He knew a couple of long-distance truckers whom he'd met through the farm. One of them had told him one day, when Jack confessed to him just how much he truly disliked farming, that he should go to school, get his commercial license, and hit the road.

“Nothing like it,” the man had told him. “You can go everywhere, be your own boss, make damn good money.”

Jack Stone, who had seen his hopes of a college education twice thwarted, finally got his diploma from a truck-driving school in Oklahoma City. It wasn't that hard. He was bigger and stronger than almost all of the mostly young men there, and he was capable of driving large trucks hundreds of miles at a time without experiencing much physical or mental discomfort. He had, in the words of one of his trucker friends, an iron butt.

And he'd learned in the Navy that he didn't mind travel or solitude. He'd always been able to put himself into a zone, to drift into daydreams while still focusing another part of his brain on the task at hand—in this case, keeping an 18-wheeler from killing someone.

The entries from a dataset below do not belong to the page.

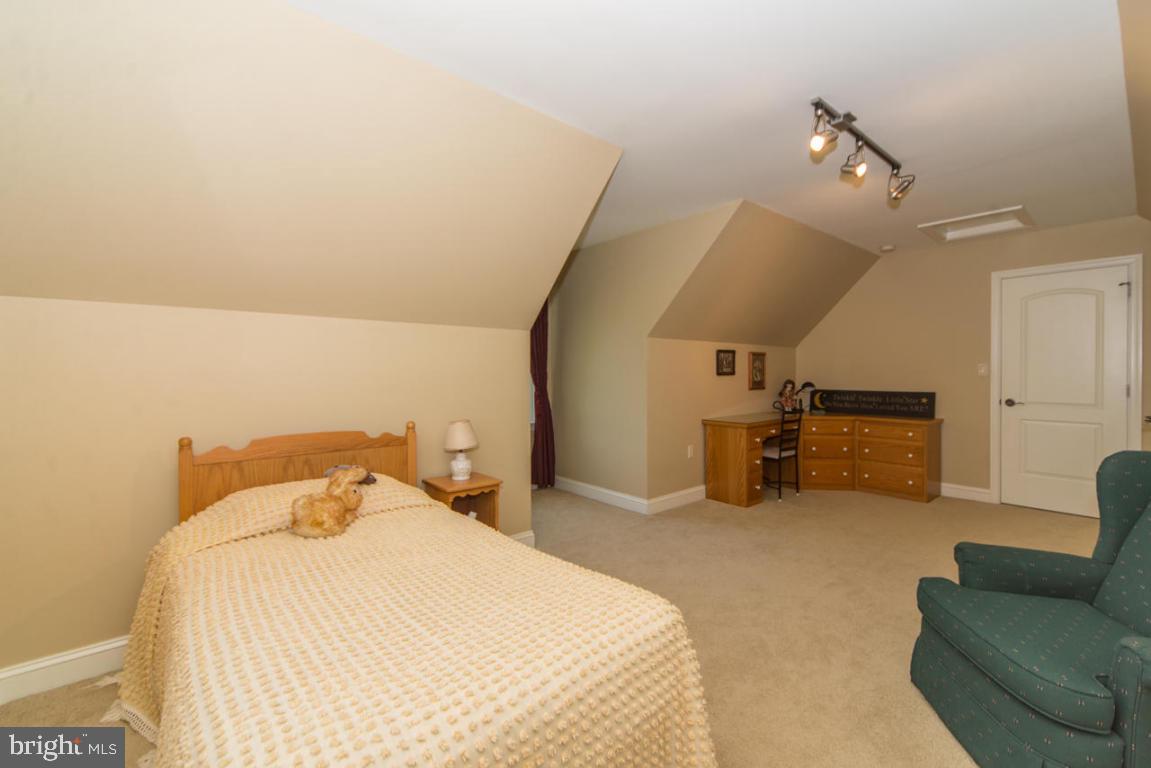 2560 Valley View Road Morgantown, PA 19543 - Photo 20 of 35 Gallery Image 20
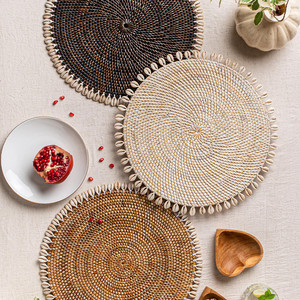 Set de table en rotin coquillage, nouveau design, fabriqué au Vietnam. Options OEM/ODM, prix d'usine, choix populaire de vaisselle. - Product Image 5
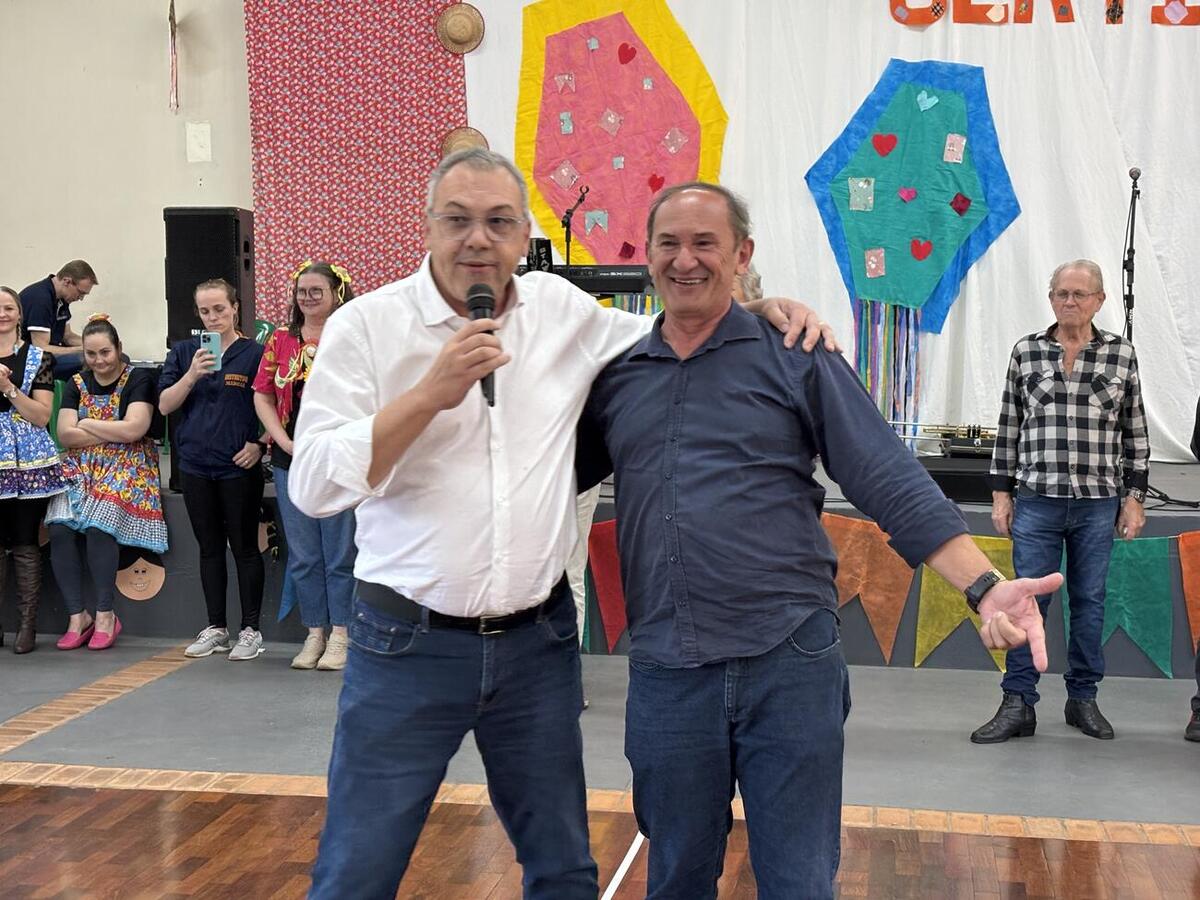 Evento junino contou com comidas típicas, dança de quadrilha e baile na última quarta-feira (3)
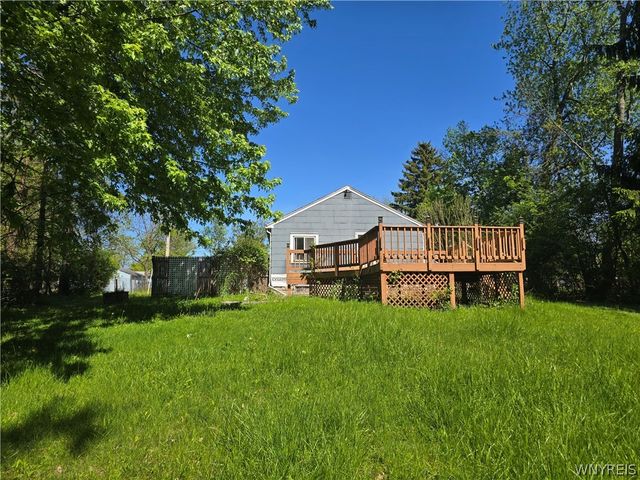 2132 Transit Road, West Seneca, NY 14224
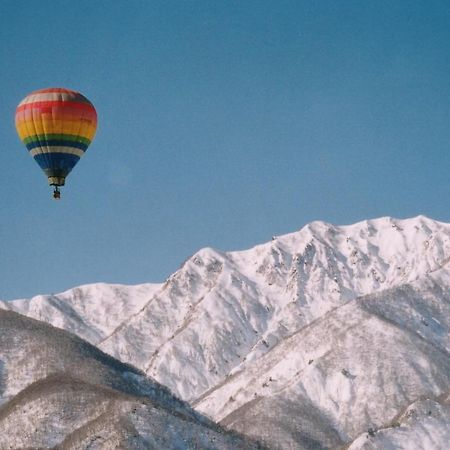ペンション ちゃうちゃう Bed & Breakfast Hakuba Dış mekan fotoğraf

And, he has to admit now, some of it was that he just wanted to get away. The loss of Carly hadn't made him and Brady any closer. The boy seemed to actually blame Jack for his mother's absence. He was prone to throwing tantrums that would force Jack to spank him. Ellen was the only one who seemed capable of keeping her grandson in line without at least the threat of corporal punishment. Even when he was three years old, Brady was, all agreed, a handful. And when Jack looked at his young son, he saw, beneath the Stones' reddish-blond hair, Carly Hamner's eyes looking back at him.

And so, Ellen kept Brady while Jack crisscrossed the country, seeing very little of it.

The money was good, though, and in January of 1982, with his 30
th
birthday approaching, he was close to buying his own rig.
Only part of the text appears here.